Next, a simple labor supply model is fitted to this observed distribution. The model assumes that each individual receives a wage offer (one of the three potential wages) and then decides on the number of hours of work. Individuals are assumed to choose their preferred option by weighing the enjoyment from consuming their earnings against the disutility of work for each alternative level of hours. While the utility of consumption increases with consumption, the marginal disutility of work increases as the time spent at work increases. In addition, there are unobserved components that introduce randomness to the individual decisions: individuals who are observationally identical (in the example, it could be imagined that all individuals in the population have the same age, education, and marital status) can nonetheless exhibit distinct optimal choice (because of personal characteristics that are not observable, such as an individual’s dislike for work). The observed differences in outcomes are thus the result of unobserved differences among individuals. The model depends on three parameters that measure the trade-off between consumption and work as well as the importance of the unobserved component in the distribution of individual choices.
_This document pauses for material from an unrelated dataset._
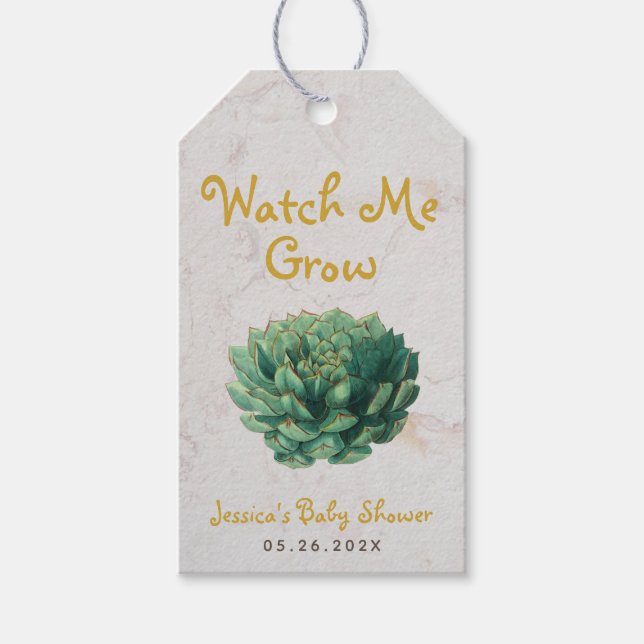Étiquettes-cadeau Succulent Watch Me Croissance Baby shower botaniqu (Devant)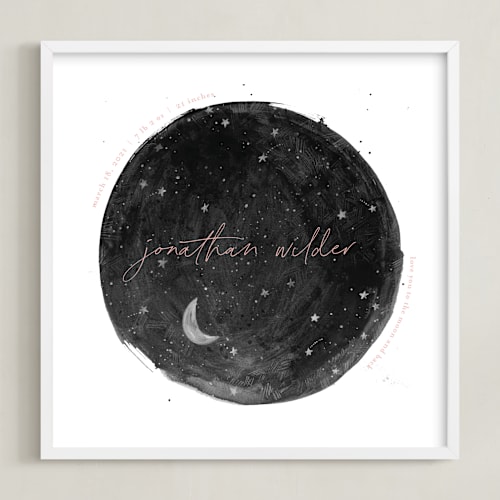This is a blush nursery wall art by Krissy Bengtson called lunar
Finally, assume that the probability that a given wage is offered is a single parameter for each wage level and that the process that generates the wage offer and the process that generates individual differences in taste for work are independent (meaning that the observation of the wage offered does not carry any information about the unobserved factors that determine the individual’s choices about work). Therefore, two independent probability parameters characterize the distribution of wages.

The likelihood of the observed sample is then the product over all observations of the probabilities that the hours of work and the wage are observed. For non-participants, the wage is missing and zero hours are observed. The logarithm of the likelihood simplifies the analysis and the search for the parameter values that yield the largest sample likelihood. In this example, it is the weighted sum of the logarithm of the probability of not working and the weighted sum of the summed logarithms of the probabilities of working positive hours for each possible level of hours and for all possible wages.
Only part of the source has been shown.